Mitt Romney’s recent opinion poll weakness in Ohio may not matter much to the GOP presidential nominee for two reasons.
First, given the shift in momentum after Wednesday’s debate, he may win the Buckeye state after all. And second, top Republicans see a path for their standard bearer to take the election without Ohio, The Hill
The state has earned its reputation as the key bellwether by backing every presidential winner since 1944, except for John Kennedy in 1960 — Ohio went for Richard Nixon.
At present, RealClearPolitics rates the state as leaning toward President Barack Obama. He had an average lead of 5.5 percentage points in the four polls compiled by Real Clear, going back to Sept. 1.
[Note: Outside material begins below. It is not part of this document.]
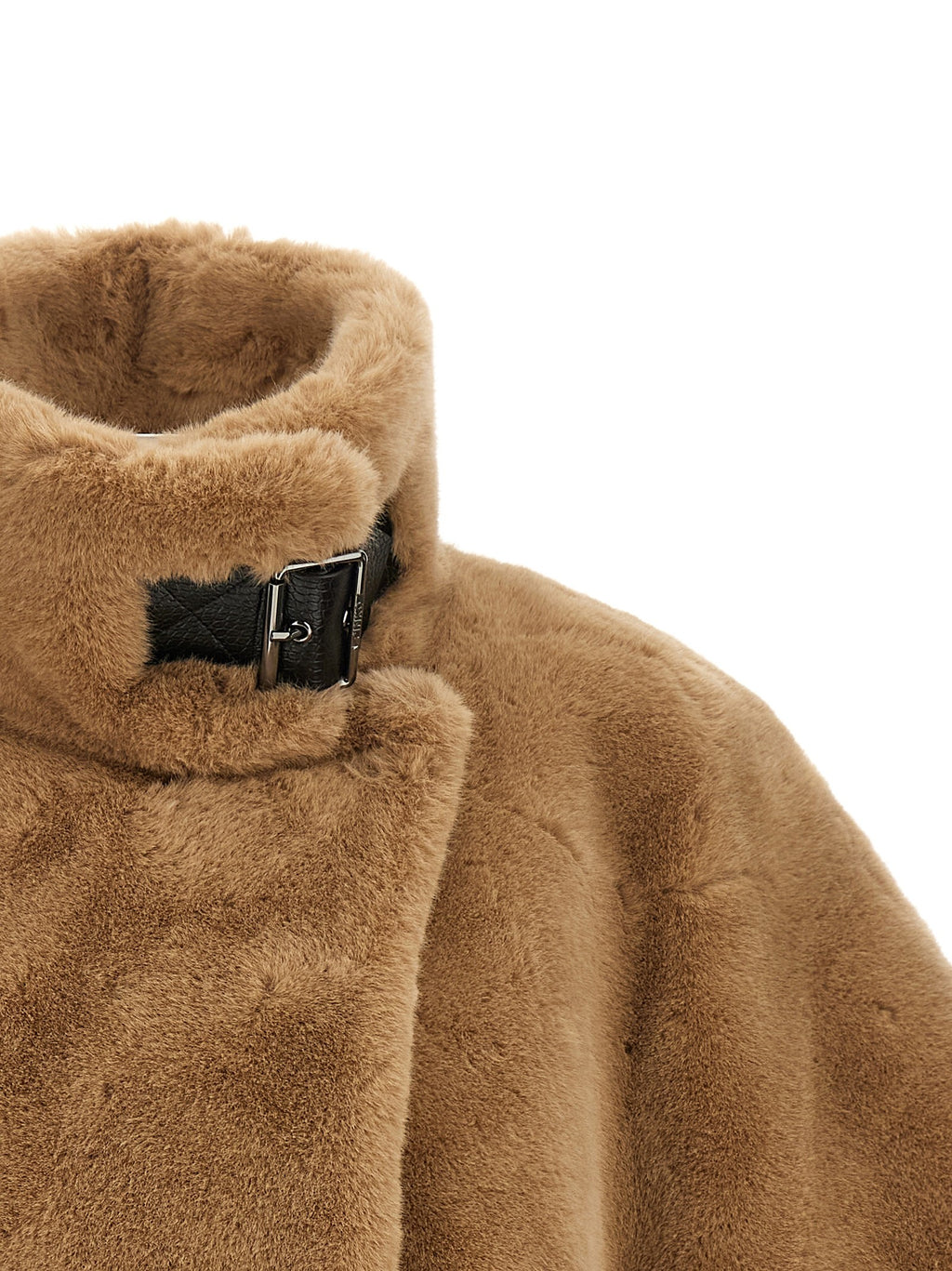 Fur cape 3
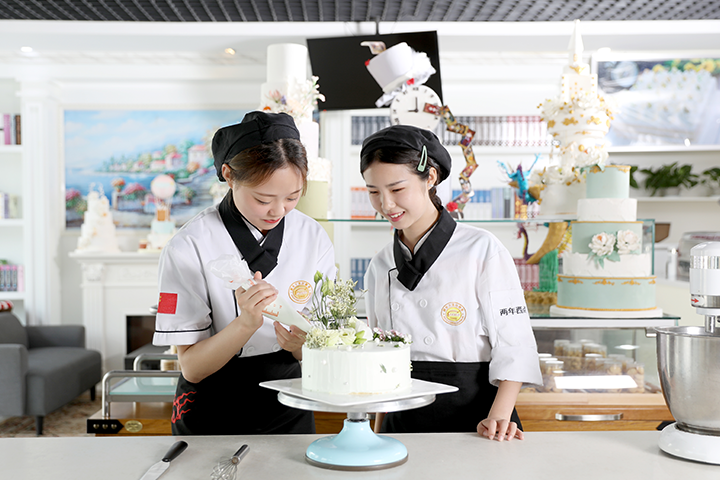 學(xué)西點(diǎn)有年齡方面的要求嗎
The latest poll, taken Sept. 30-Oct. 1 by NBC News/The Wall Street Journal/Marist College, shows Obama ahead 51 to 43 percent. But that survey came before the debate, and things may have changed since then.
In any case, party bigwigs from ace strategist Karl Rove to Republican National Committee Chairman Reince Priebus have said in recent days that a loss in Ohio wouldn’t be a killer for Romney.
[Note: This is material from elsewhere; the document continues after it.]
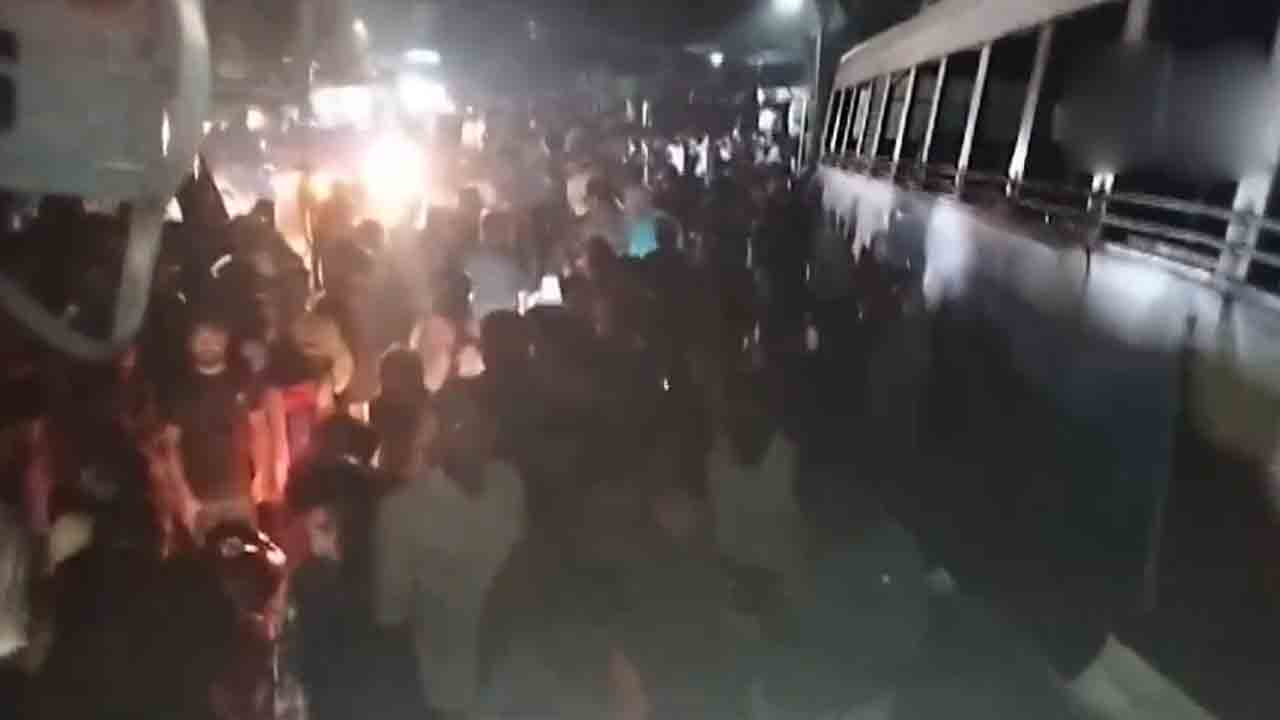 Road accident | ఎదురెదురుగా ఢీకొన్న రెండు బస్సులు.. 30 మందికి తీవ్ర గాయాలు.. Video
“There are 11 different ways to win without Ohio,” Rove said last week. Priebus echoed that this week, telling The Hill Wednesday, “Ohio is extremely important but I also know that we have other good things going for us right now as well: Wisconsin, Iowa, Colorado, Nevada.”
If he loses Ohio, Romney will likely need to win North Carolina, Florida, Virginia, Iowa, and Colorado. He probably also would need either Wisconsin or both New Hampshire and Nevada.